I am referring to go old, “Have you name shame” type of shame. There are few social consequences for someone having a child out of wedlock. The same for someone having an abortion.
Expressing or displaying your moral stand on something gets you ridicule—even when it is stated as the response to a question. For example, I have plenty of gay friends who’ve gotten “married.” I care deeply for some of these people and it pains me to express my dismay at these “ceremonies.” So, I keep my mouth shut.
But when asked, I explain my position. This has gotten me in trouble with friends and family. But interestingly not with the gay people in question—because they know I love them in my heart. I have explained to them why I would not be able to witness the ceremony.

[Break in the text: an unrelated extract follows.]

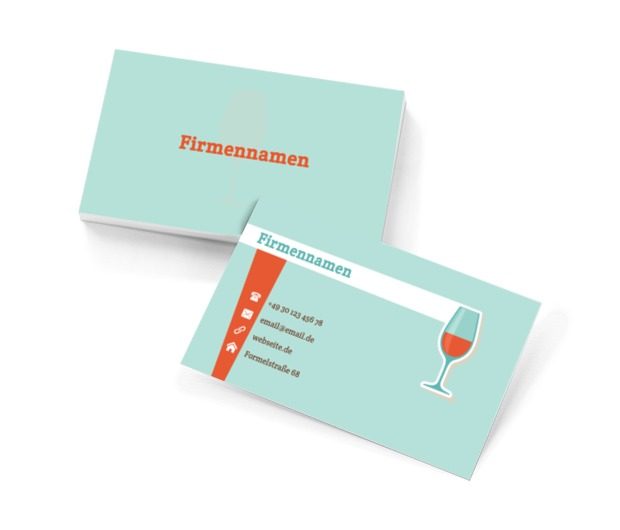 Ein Glas Wein, Gastronomie, Bar - Visitenkarten Netprint Online Vorlagen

But that I support their love for each other and would never embarass them by making a scene about it. We agree to disagree.
But, I get grief. Some people would bend to the pressure. I choose not to.
That is the kind of shame that we need more of. Shame based on a moral structure. Not fads.
I disagree with that based on politics. If you're a Conservative you'll pay dearly. FB is on fire with comments and graphics about Bristol. However if it's "Shaquana" she'd just get a bigger welfare check. Bristol being a Palin will be run through the ringer and beat with a merciless stick. We don't need to do it too. When should a Conservative sound like a liberal? Never.
You’re a more trusting person than I.
Anonymous Wasilla insiders are not immediately credible imo.
The quickie engagement, revelations that he’d been married before and then the break up lend it credence.
Bristol claimed she knew about his past relationships so it has to be some other reason they broke up. If she was telling the truth that is.
And did her mother find this out by reading her blog? She puts (sorry mom) in the heading and then says she wants you (whoever you is) to be the first to know.
So it sounds to me like her family was not the first to know and that they found out probably from the blog. How horrible and immature if this is the case! But she has done something similar in the past. Sarah’s family found out about her short-lived engagement to her son’s father, Levi, from a tabloid magazine article. This was after Levi had gone on talk shows and trashed her family.
It seems to me that this girl has some serious issues.